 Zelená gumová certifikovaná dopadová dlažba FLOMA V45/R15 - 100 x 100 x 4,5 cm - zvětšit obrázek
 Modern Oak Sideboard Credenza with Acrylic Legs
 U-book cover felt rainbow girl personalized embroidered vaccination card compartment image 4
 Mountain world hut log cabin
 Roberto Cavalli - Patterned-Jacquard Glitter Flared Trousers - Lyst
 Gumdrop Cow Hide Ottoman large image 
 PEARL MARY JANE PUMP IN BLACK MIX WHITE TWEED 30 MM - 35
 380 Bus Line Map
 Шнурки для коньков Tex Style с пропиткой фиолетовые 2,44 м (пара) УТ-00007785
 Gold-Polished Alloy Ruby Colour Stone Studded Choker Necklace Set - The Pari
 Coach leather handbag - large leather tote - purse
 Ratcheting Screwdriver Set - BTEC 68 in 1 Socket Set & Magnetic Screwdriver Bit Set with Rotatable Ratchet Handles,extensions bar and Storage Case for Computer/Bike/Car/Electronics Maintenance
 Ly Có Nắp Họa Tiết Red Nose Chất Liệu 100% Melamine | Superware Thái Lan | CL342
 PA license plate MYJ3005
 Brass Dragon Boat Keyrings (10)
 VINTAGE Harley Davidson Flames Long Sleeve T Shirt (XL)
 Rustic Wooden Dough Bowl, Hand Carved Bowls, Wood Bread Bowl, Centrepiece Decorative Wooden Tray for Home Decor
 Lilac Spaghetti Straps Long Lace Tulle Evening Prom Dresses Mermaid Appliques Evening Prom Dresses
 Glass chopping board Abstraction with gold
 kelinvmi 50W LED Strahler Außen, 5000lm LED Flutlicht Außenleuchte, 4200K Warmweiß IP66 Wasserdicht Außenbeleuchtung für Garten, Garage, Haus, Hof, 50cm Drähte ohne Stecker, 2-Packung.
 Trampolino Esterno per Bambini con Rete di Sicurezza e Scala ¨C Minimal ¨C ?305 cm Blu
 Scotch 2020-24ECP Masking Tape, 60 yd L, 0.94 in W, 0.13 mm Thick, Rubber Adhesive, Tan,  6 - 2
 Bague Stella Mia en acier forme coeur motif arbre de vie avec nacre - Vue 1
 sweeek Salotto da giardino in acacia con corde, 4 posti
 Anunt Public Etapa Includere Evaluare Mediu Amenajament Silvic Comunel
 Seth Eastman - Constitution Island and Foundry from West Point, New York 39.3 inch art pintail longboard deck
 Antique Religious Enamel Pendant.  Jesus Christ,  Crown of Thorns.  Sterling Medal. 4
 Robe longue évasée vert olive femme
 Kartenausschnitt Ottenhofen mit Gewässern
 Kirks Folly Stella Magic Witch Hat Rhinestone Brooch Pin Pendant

Work to complete
Once the listing above has been read, restate it exactly.

Final answer
 Zelená gumová certifikovaná dopadová dlažba FLOMA V45/R15 - 100 x 100 x 4,5 cm - zvětšit obrázek
 Modern Oak Sideboard Credenza with Acrylic Legs
 U-book cover felt rainbow girl personalized embroidered vaccination card compartment image 4
 Mountain world hut log cabin
 Roberto Cavalli - Patterned-Jacquard Glitter Flared Trousers - Lyst
 Gumdrop Cow Hide Ottoman large image 
 PEARL MARY JANE PUMP IN BLACK MIX WHITE TWEED 30 MM - 35
 380 Bus Line Map
 Шнурки для коньков Tex Style с пропиткой фиолетовые 2,44 м (пара) УТ-00007785
 Gold-Polished Alloy Ruby Colour Stone Studded Choker Necklace Set - The Pari
 Coach leather handbag - large leather tote - purse
 Ratcheting Screwdriver Set - BTEC 68 in 1 Socket Set & Magnetic Screwdriver Bit Set with Rotatable Ratchet Handles,extensions bar and Storage Case for Computer/Bike/Car/Electronics Maintenance
 Ly Có Nắp Họa Tiết Red Nose Chất Liệu 100% Melamine | Superware Thái Lan | CL342
 PA license plate MYJ3005
 Brass Dragon Boat Keyrings (10)
 VINTAGE Harley Davidson Flames Long Sleeve T Shirt (XL)
 Rustic Wooden Dough Bowl, Hand Carved Bowls, Wood Bread Bowl, Centrepiece Decorative Wooden Tray for Home Decor
 Lilac Spaghetti Straps Long Lace Tulle Evening Prom Dresses Mermaid Appliques Evening Prom Dresses
 Glass chopping board Abstraction with gold
 kelinvmi 50W LED Strahler Außen, 5000lm LED Flutlicht Außenleuchte, 4200K Warmweiß IP66 Wasserdicht Außenbeleuchtung für Garten, Garage, Haus, Hof, 50cm Drähte ohne Stecker, 2-Packung.
 Trampolino Esterno per Bambini con Rete di Sicurezza e Scala ¨C Minimal ¨C ?305 cm Blu
 Scotch 2020-24ECP Masking Tape, 60 yd L, 0.94 in W, 0.13 mm Thick, Rubber Adhesive, Tan,  6 - 2
 Bague Stella Mia en acier forme coeur motif arbre de vie avec nacre - Vue 1
 sweeek Salotto da giardino in acacia con corde, 4 posti
 Anunt Public Etapa Includere Evaluare Mediu Amenajament Silvic Comunel
 Seth Eastman - Constitution Island and Foundry from West Point, New York 39.3 inch art pintail longboard deck
 Antique Religious Enamel Pendant.  Jesus Christ,  Crown of Thorns.  Sterling Medal. 4
 Robe longue évasée vert olive femme
 Kartenausschnitt Ottenhofen mit Gewässern
 Kirks Folly Stella Magic Witch Hat Rhinestone Brooch Pin Pendant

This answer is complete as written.